- [Exercise description]: Set down, exactly as they stand, the lines from the one containing "Pilots Worldwide profile picture" through the last line of the records below, leaving every picture out.

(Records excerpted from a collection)

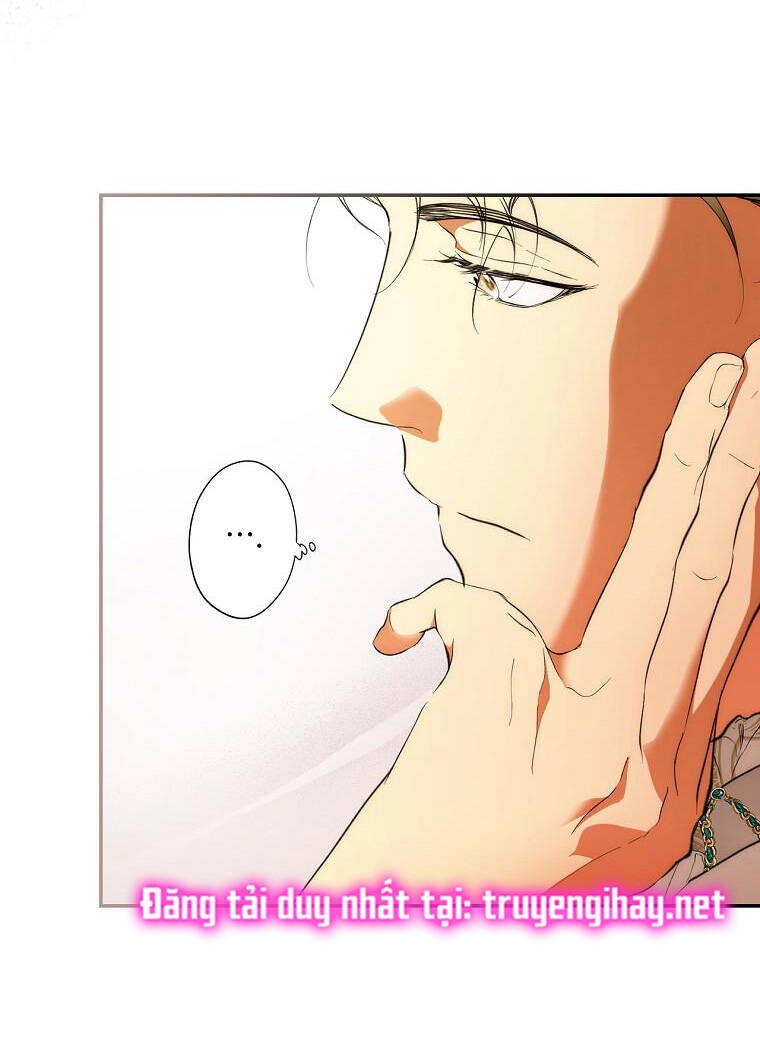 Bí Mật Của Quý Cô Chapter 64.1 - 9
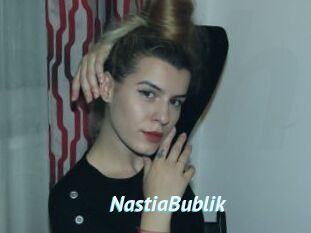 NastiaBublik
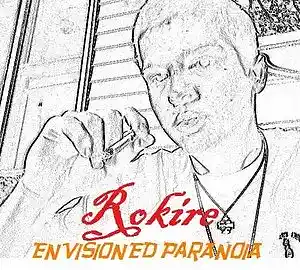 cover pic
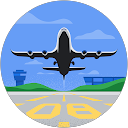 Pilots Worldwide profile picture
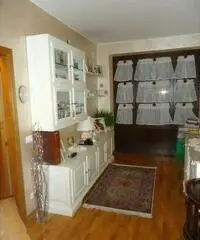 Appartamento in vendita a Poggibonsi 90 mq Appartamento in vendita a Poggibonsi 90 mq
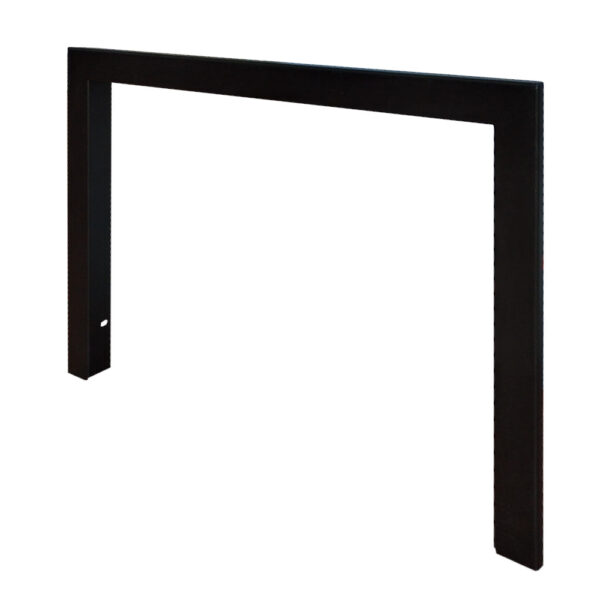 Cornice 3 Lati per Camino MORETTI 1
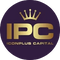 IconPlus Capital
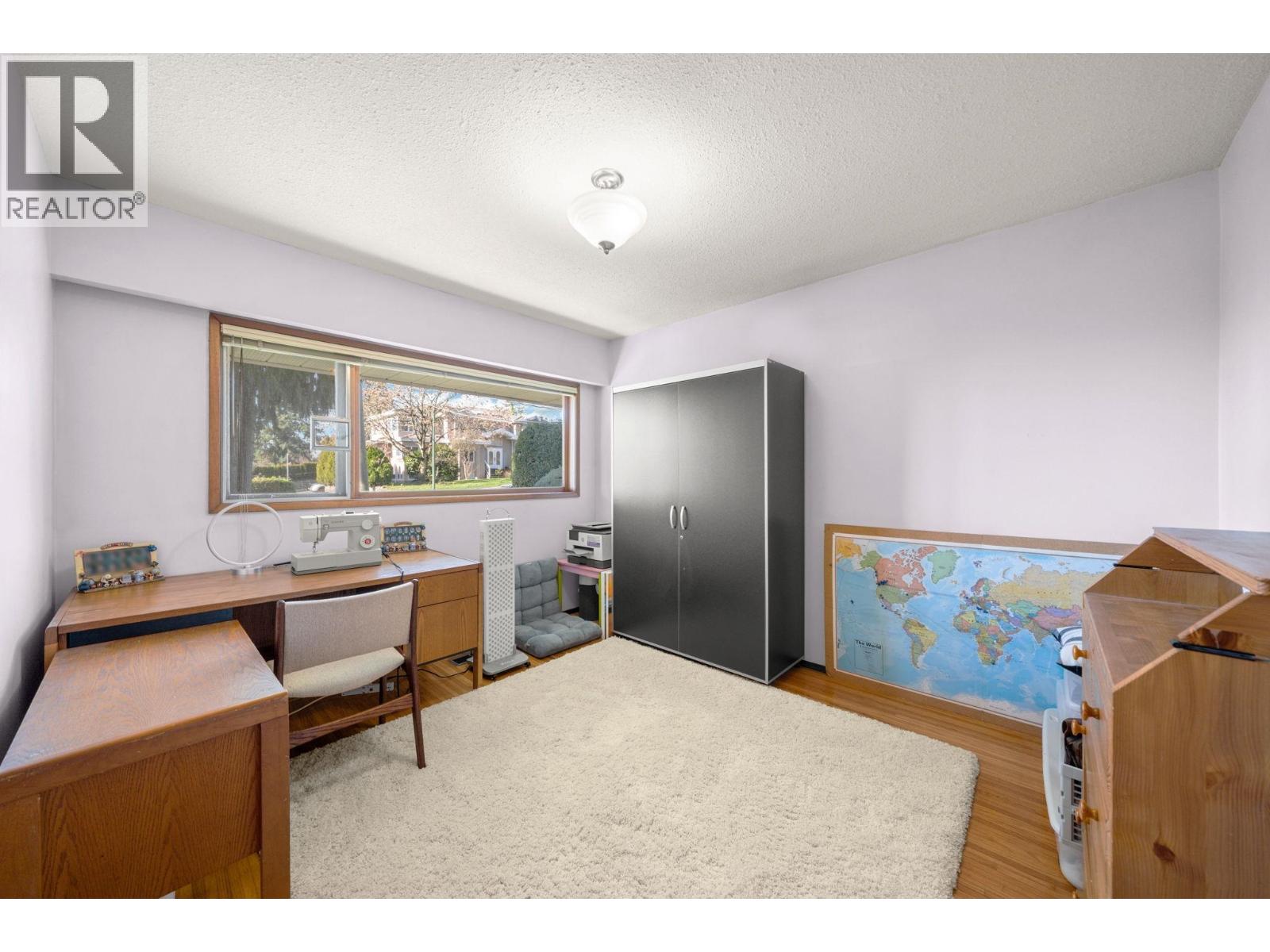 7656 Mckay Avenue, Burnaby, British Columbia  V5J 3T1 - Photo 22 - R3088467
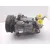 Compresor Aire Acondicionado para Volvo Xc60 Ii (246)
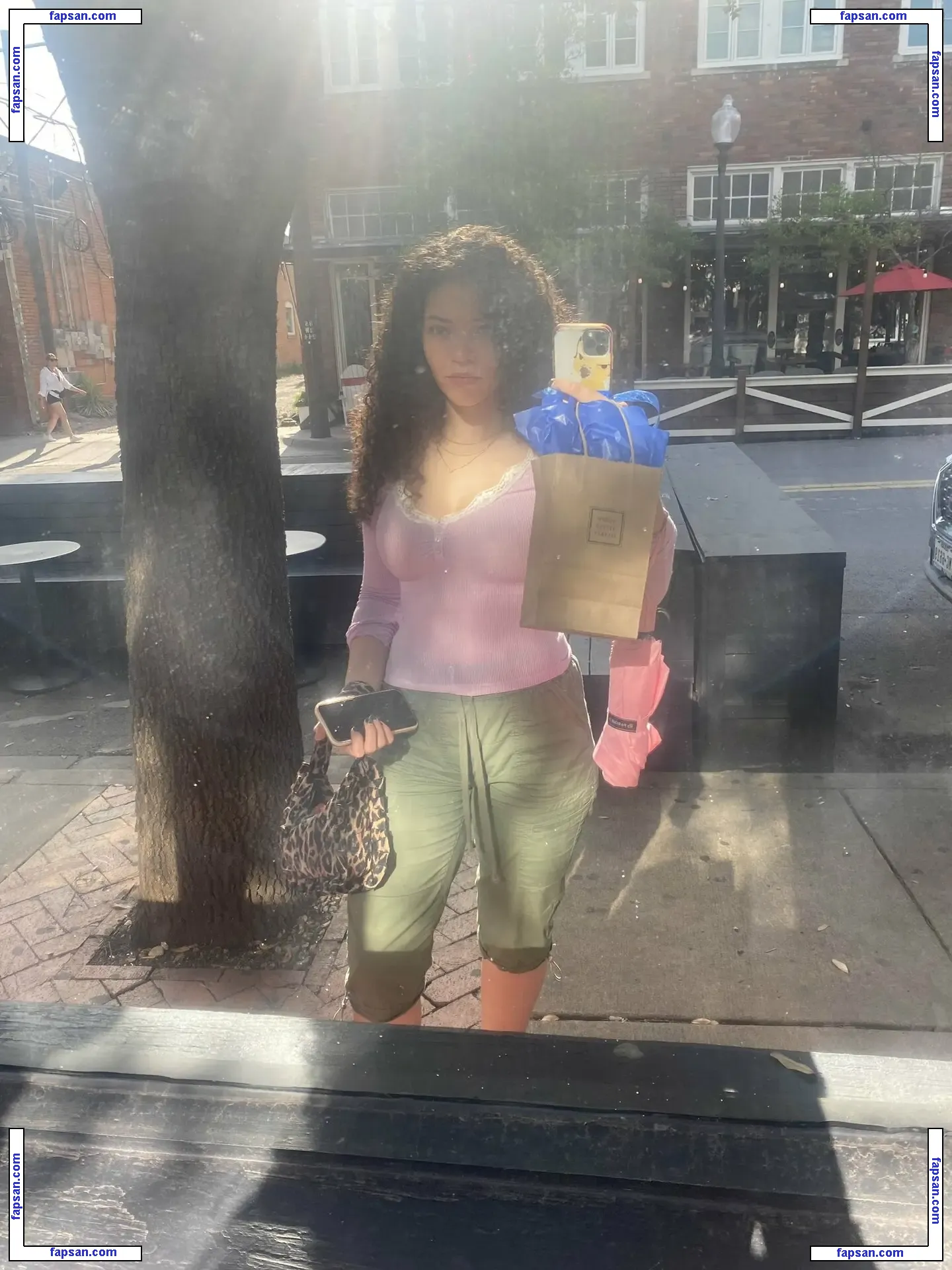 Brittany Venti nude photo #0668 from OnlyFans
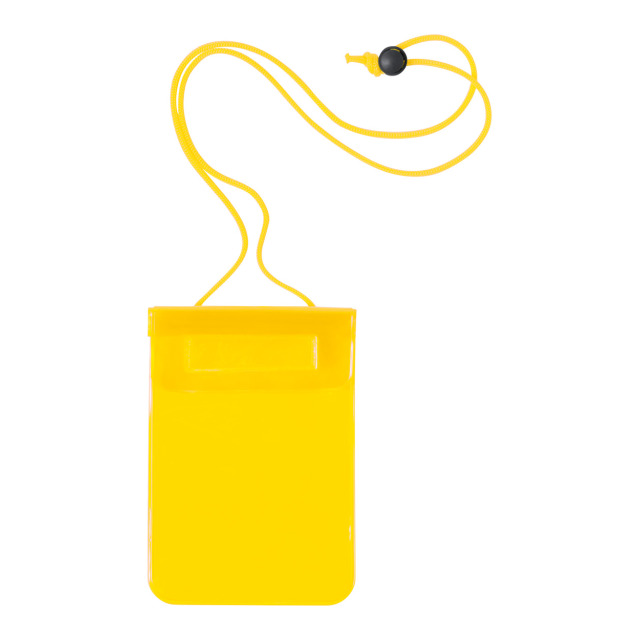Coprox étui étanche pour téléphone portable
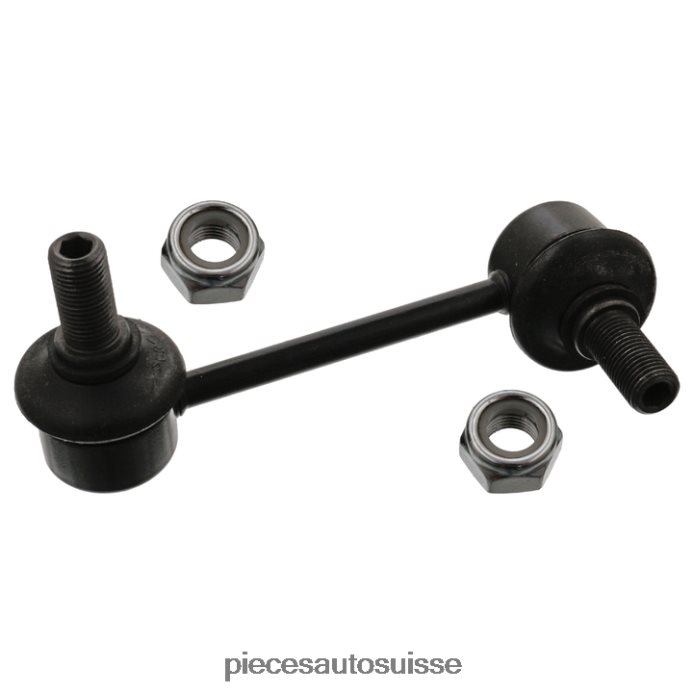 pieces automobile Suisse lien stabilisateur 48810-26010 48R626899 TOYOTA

- [Response]:
 Pilots Worldwide profile picture
 Appartamento in vendita a Poggibonsi 90 mq Appartamento in vendita a Poggibonsi 90 mq
 Cornice 3 Lati per Camino MORETTI 1
 IconPlus Capital
 7656 Mckay Avenue, Burnaby, British Columbia  V5J 3T1 - Photo 22 - R3088467
 Compresor Aire Acondicionado para Volvo Xc60 Ii (246)
 Brittany Venti nude photo #0668 from OnlyFans
Coprox étui étanche pour téléphone portable
 pieces automobile Suisse lien stabilisateur 48810-26010 48R626899 TOYOTA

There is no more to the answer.